Scientific classification
- Kingdom: Plantae
- Clade: Tracheophytes
- Clade: Angiosperms
- Clade: Eudicots
- Clade: Asterids
- Order: Asterales
- Family: Asteraceae
- Genus: Achillea
- Species: A. alpina
- Binomial name: Achillea alpina L.
- Synonyms: Synonymy Achillea angustifolia Salisb. ; Achillea bocconii W.D.J.Koch ; Achillea cristata Willd. ; Achillea denticulata Besser ex Heimerl ; Achillea depressa Fisch. ex Herder ; Achillea mongolica Fisch. ex Spreng. ; Achillea multiflora Hook. ; Achillea punctata Moench ; Achillea ramosissima Moench ; Achillea sibirica Ledeb. ; Achillea squarrosa Hassk. ; Achillea subcartilaginea (Heimerl) Heimerl ; Ptarmica mongolica (Fisch. ex Spreng.) DC. ; Ptarmica sibirica Ledeb. ;

= Achillea alpina =

- Genus: Achillea
- Species: alpina
- Authority: L.

Species of yarrow

Achillea alpina, commonly known as alpine yarrow, Chinese yarrow or Siberian yarrow, is an Asian and North American species of plant in the sunflower family.

==Description==
Achillea alpina is a perennial herb growing up to 80 cm tall.
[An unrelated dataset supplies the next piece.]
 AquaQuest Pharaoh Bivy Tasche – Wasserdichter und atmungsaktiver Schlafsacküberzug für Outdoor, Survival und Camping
The foliage is simply pinnatifid with narrow closely set segments.

The flowers are white to pale violet, with both ray florets and disc florets.

- Subspecies and varieties
- Achillea alpina subsp. camtschatica (Heimerl) Kitam.
- Achillea alpina var. discoidea (Regel) Kitam.
- Achillea alpina subsp. japonica (Heimerl) Kitam.
- Achillea alpina subsp. pulchra (Koidz.) Kitam.
- Achillea alpina subsp. subcartilaginea (Heimerl) Kitam.

== Distribution and habitat ==
The species is native to Siberia, the Russian Far East, China, Mongolia, Korea, Japan, Nepal, Canada (including Yukon and Northwest Territories), and the northern United States (Alaska, northern North Dakota, northern Minnesota).

It is found growing in thickets and along shorelines in northwestern North America and it reaches its most southernly distribution in northern Minnesota near the Canadian border where isolated populations are found growing in a peat meadows at the margins of aspen trees, open woods, woodland edges, stream banks, and roadsides.

== Conservation ==
In Minnesota, it was listed as a threatened species in 1996.